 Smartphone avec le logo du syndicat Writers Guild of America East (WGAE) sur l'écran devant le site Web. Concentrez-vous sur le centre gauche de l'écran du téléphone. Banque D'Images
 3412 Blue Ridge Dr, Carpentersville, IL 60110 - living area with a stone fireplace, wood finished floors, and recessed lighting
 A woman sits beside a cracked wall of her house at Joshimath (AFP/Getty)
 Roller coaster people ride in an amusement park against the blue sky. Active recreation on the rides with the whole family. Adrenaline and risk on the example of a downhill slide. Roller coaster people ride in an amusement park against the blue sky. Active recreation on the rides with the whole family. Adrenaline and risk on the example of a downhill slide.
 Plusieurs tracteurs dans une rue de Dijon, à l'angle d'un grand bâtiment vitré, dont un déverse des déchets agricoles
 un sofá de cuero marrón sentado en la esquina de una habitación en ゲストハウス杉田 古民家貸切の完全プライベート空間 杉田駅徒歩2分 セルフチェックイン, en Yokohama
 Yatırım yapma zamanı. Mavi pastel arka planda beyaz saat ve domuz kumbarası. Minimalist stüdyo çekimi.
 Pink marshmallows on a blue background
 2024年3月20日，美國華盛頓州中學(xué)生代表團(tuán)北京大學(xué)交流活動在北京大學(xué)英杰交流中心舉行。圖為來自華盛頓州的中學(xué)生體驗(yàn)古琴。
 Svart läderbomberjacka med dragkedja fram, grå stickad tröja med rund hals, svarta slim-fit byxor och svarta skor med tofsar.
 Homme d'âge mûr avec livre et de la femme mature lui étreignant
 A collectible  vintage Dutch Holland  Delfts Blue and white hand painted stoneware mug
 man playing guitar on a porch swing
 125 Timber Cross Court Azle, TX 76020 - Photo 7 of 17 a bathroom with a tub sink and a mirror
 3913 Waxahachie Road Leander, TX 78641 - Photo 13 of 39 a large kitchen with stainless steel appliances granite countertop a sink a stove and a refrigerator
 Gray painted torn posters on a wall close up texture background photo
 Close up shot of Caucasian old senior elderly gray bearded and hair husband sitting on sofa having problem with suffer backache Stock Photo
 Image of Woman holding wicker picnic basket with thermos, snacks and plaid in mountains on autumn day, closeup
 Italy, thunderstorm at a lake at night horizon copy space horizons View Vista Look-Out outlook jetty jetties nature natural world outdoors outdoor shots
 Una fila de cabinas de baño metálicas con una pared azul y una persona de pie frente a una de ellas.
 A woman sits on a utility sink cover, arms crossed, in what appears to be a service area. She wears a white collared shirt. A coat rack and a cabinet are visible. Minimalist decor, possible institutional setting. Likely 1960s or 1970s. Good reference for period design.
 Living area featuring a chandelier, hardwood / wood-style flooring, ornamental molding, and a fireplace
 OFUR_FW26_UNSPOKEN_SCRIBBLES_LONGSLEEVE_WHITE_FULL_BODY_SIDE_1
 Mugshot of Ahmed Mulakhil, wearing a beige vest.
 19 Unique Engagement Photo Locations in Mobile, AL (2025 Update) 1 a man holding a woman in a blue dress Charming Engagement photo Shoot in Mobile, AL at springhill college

------------------------------------------------------------------------

§ **Exercise**: Retype the lines above, keeping every character.

§ **Answer for the task**:
 Smartphone avec le logo du syndicat Writers Guild of America East (WGAE) sur l'écran devant le site Web. Concentrez-vous sur le centre gauche de l'écran du téléphone. Banque D'Images
 3412 Blue Ridge Dr, Carpentersville, IL 60110 - living area with a stone fireplace, wood finished floors, and recessed lighting
 A woman sits beside a cracked wall of her house at Joshimath (AFP/Getty)
 Roller coaster people ride in an amusement park against the blue sky. Active recreation on the rides with the whole family. Adrenaline and risk on the example of a downhill slide. Roller coaster people ride in an amusement park against the blue sky. Active recreation on the rides with the whole family. Adrenaline and risk on the example of a downhill slide.
 Plusieurs tracteurs dans une rue de Dijon, à l'angle d'un grand bâtiment vitré, dont un déverse des déchets agricoles
 un sofá de cuero marrón sentado en la esquina de una habitación en ゲストハウス杉田 古民家貸切の完全プライベート空間 杉田駅徒歩2分 セルフチェックイン, en Yokohama
 Yatırım yapma zamanı. Mavi pastel arka planda beyaz saat ve domuz kumbarası. Minimalist stüdyo çekimi.
 Pink marshmallows on a blue background
 2024年3月20日，美國華盛頓州中學(xué)生代表團(tuán)北京大學(xué)交流活動在北京大學(xué)英杰交流中心舉行。圖為來自華盛頓州的中學(xué)生體驗(yàn)古琴。
 Svart läderbomberjacka med dragkedja fram, grå stickad tröja med rund hals, svarta slim-fit byxor och svarta skor med tofsar.
 Homme d'âge mûr avec livre et de la femme mature lui étreignant
 A collectible  vintage Dutch Holland  Delfts Blue and white hand painted stoneware mug
 man playing guitar on a porch swing
 125 Timber Cross Court Azle, TX 76020 - Photo 7 of 17 a bathroom with a tub sink and a mirror
 3913 Waxahachie Road Leander, TX 78641 - Photo 13 of 39 a large kitchen with stainless steel appliances granite countertop a sink a stove and a refrigerator
 Gray painted torn posters on a wall close up texture background photo
 Close up shot of Caucasian old senior elderly gray bearded and hair husband sitting on sofa having problem with suffer backache Stock Photo
 Image of Woman holding wicker picnic basket with thermos, snacks and plaid in mountains on autumn day, closeup
 Italy, thunderstorm at a lake at night horizon copy space horizons View Vista Look-Out outlook jetty jetties nature natural world outdoors outdoor shots
 Una fila de cabinas de baño metálicas con una pared azul y una persona de pie frente a una de ellas.
 A woman sits on a utility sink cover, arms crossed, in what appears to be a service area. She wears a white collared shirt. A coat rack and a cabinet are visible. Minimalist decor, possible institutional setting. Likely 1960s or 1970s. Good reference for period design.
 Living area featuring a chandelier, hardwood / wood-style flooring, ornamental molding, and a fireplace
 OFUR_FW26_UNSPOKEN_SCRIBBLES_LONGSLEEVE_WHITE_FULL_BODY_SIDE_1
 Mugshot of Ahmed Mulakhil, wearing a beige vest.
 19 Unique Engagement Photo Locations in Mobile, AL (2025 Update) 1 a man holding a woman in a blue dress Charming Engagement photo Shoot in Mobile, AL at springhill college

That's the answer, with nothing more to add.